Kur'an-ı Kerim ve Türkçe Meali Sayfa 130
19. De ki: En büyük tanıklık nedir, hangisidir? De ki: Allah, gerçek tanıktır benimle sizin aranızda ve bana bu Kur'ân, sizi ve kime ulaşırsa onu korkutmam için vahyedildi. Siz, Allah'la berâber tapılacak başka bir mâbud olduğuna mı tanıklık ediyorsunuz? De ki: Ben tanıklık etmem. De ki: O, ancak tek mabuttur ve benim, sizin ona eş tuttuklarınızla hiçbir ilgim yok.
20. Kendilerine kitap verdiklerimiz, Peygamberi, oğullarını tanıdıkları gibi tanırlar, fakat kendilerine zarar verenlerdir inanmayanlar.

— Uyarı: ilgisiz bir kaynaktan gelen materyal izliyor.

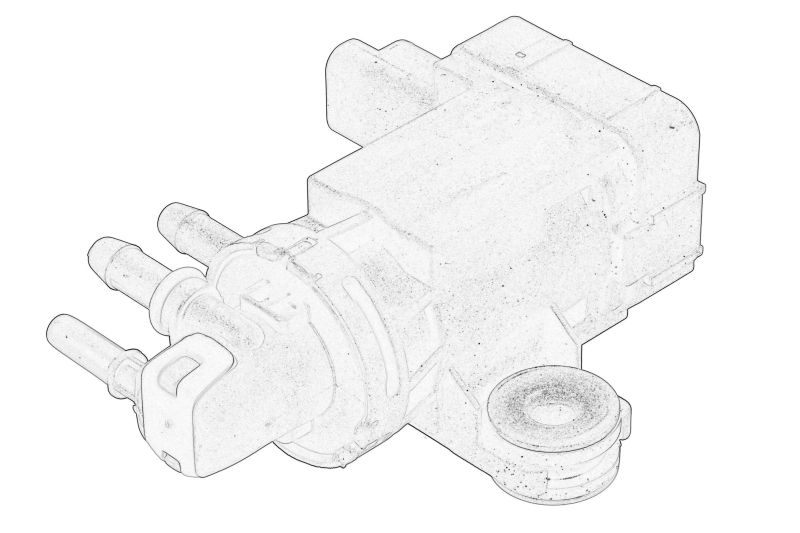 Supapă reglare presiune compresor electropneumatic DS DS 4, DS 5, DS 7, CITROEN C4 GRAND PICASSO II, C4 II, C4 PICASSO II, C4 SPACETOURER, C5 AIRCROSS, C5 III, DS4, DS5, GRAND C4 SPACETOURER 2.0D/2.2D 04.09-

21. Kimdir Allah'a boş yere iftirâ edenden, yahut onun âyetlerini yalanlayandan daha zâlim? Şüphe yok ki zâlimler, muratlarına erişmezler.
22. Ve o gün hepsini de toplar da sonra Tanrıya şirk koşanlara deriz ki: Nerede size yardım edecek sanıp şirk koştuklarınız?

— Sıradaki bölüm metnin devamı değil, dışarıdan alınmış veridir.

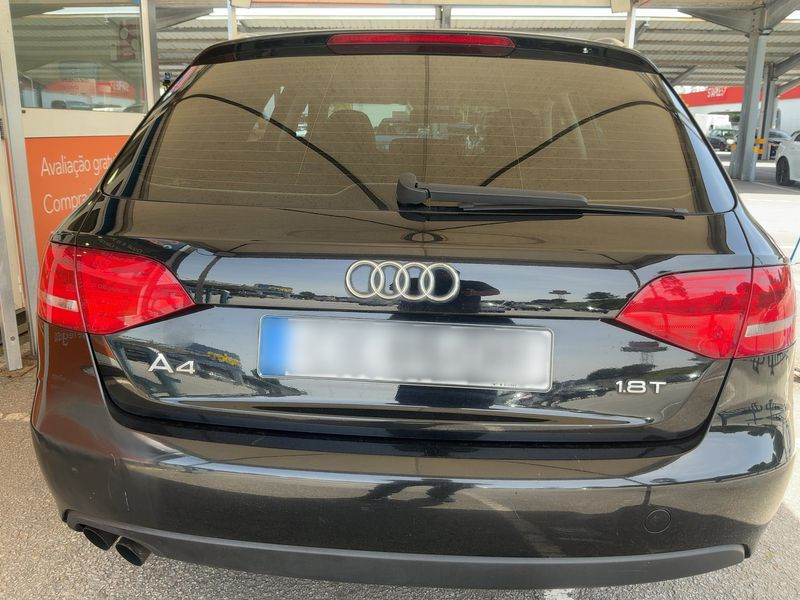 Audi A4 1.8 TFSI Attraction 2010 – снимка 7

23. Sonra onlar ancak Rabbimiz Allah, sana andederiz ki biz şirk koşanlardan değildik demekten başka bir özür serdedemezler.
24. Hele bak, nasıl da bile-bile yalan söylerler ve iftirâ konuları da nasıl ortadan kaybolup gider.

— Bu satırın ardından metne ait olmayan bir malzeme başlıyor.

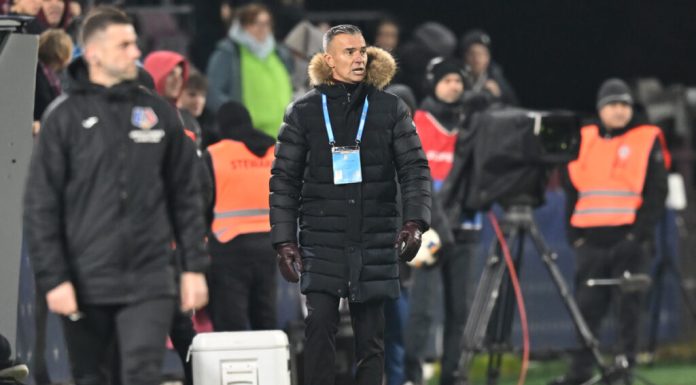 Daniel Pancu, antrenor CFR Cluj: E posibil să fiu singurul nebun din club care se mai gândește la campionat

25. Onlardan seni dinleyenler de var ve biz, dinledikleri sözleri anlamamaları için kalplerini perdeleriz, kulaklarını ağırlaştırırız da bütün delilleri görseler gene de inanmazlar onlara. Nihâyet de yanına geldiler mi çekişmeye başlarlar seninle ve bunlar, ancak evvelce gelip geçenlere ait masallar derler.
26. Onlar hem insanları uzaklaştırırlar ondan, hem kendileri uzaklaşırlar. Onlar anlamadan ancak kendilerini helâk ederler.
27. Ateşin başında durduruldukları zaman bir görseydin onları. Keşke dünyâya tekrar döndürseler bizi de Rabbimizin âyetlerini yalanlamasak ve inananlardan olsak derler.